Hilarious. This is why Boris Johnson won the mayoral election of London initially in 2008 as a Conservative and was reelected in May 2012, despite a strong Labour wind, defeating former London mayor Ken Livingstone by a 3% margin.
Also, forget the goofy one-eyed blobs, Boris is the true mascot of the 2012 Summer Olympics. From the minute we saw him waving the Olympic flag at the end of the 2008 Summer Olympics in Beijing, with his jacket opened, signalling London’s much looser approach to the Games (compared to the tightly synchronized Beijing Games), you just knew there would be no other way:
He’s rarely on-message (although he can show discipline when he wants).
He’s a bit of a goofy Etonian toff, floppy hair and all, but he’s probably the UK’s most popular politician today, with the possible exception of Scotland’s first minister, Alex Salmond.
As I’ve noted, he may one day be a British prime minister, as he certainly has more personality than the entire front bench of the current Tory (well, Coalition) government combined. It’s thought that David Cameron, then just newly enshrined as the new Tory leader, sent Boris off to run for London mayor to get him out of his hair as he plotted the Tories’ own return to Westminster.

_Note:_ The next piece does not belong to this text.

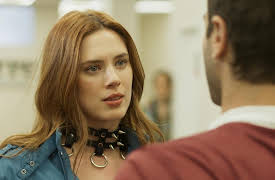 Six Is Not a Crowd (Felices Los 6), Season 1: And They Ate Clams, Bell Peppers and Chorizos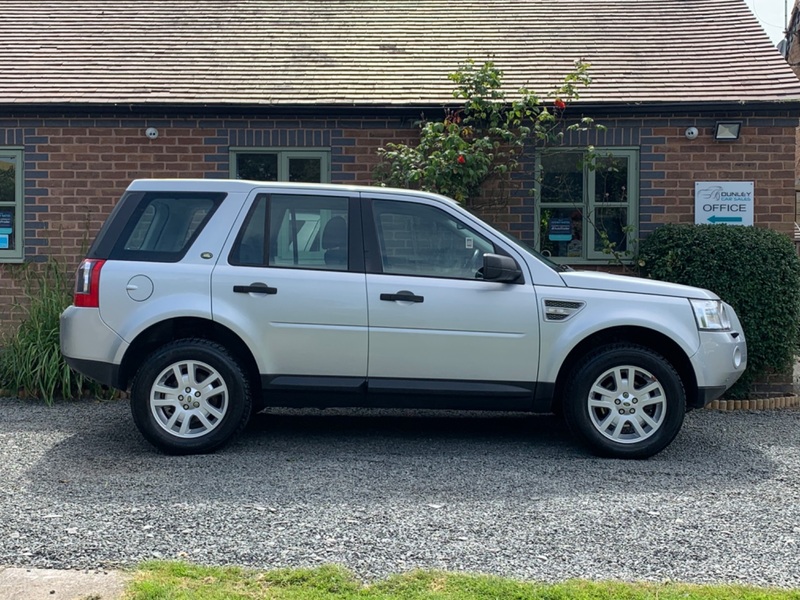 LAND ROVER FREELANDER TD4 E XS 2009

But given the current trajectory of Cameron’s government (with many blaming George Osborne’s* austerity policies as the main cause of the UK’s double-dip recession), it is not unthinkable that Boris may well lead the Tories in the next general election cycle or two.
Certainly, the exposure from hosting the 2012 Games will do him no harm (especially given that businessman Mitt Romney transformed his leadership of the 2002 Winter Games in Salt Lake City into a stint as Massachusetts governor and into the Republican Party’s presidential nomination in 2012).
H/T to Andrew Sullivan, who calls Boris the “un-Romney”.
* George Osborne serves as chancellor of the exchequer — essentially, the UK’s finance minister.